**Task inputs:**
* * * * * * * * *

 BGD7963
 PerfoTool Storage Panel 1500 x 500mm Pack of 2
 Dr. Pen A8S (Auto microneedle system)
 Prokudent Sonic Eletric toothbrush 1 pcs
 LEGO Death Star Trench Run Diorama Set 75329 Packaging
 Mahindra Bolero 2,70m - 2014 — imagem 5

* * * * * * * * *

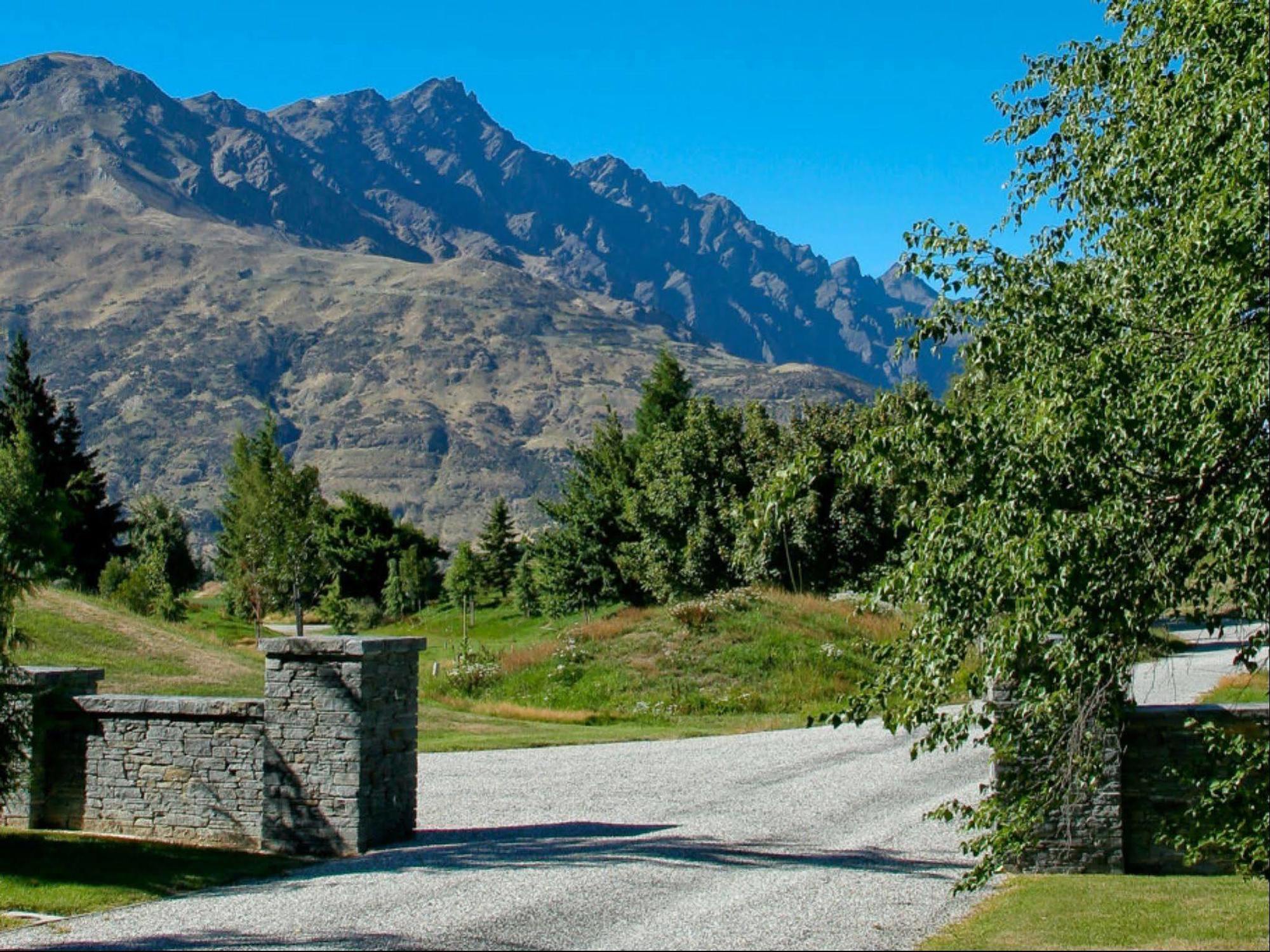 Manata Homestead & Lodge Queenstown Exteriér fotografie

* * * * * * * * *

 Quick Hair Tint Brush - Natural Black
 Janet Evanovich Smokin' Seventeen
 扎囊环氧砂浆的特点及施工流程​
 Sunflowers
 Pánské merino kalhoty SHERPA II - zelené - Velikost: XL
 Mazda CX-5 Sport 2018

* * * * * * * * *

**Description of the task:** Going down the listing above, begin printing at the line with "扎囊环氧砂浆的特点及施工流程​" and finish with the line with "Mazda CX-5 Sport 2018", exactly as they appear.

**Result of this exercise:**
 扎囊环氧砂浆的特点及施工流程​
 Sunflowers
 Pánské merino kalhoty SHERPA II - zelené - Velikost: XL
 Mazda CX-5 Sport 2018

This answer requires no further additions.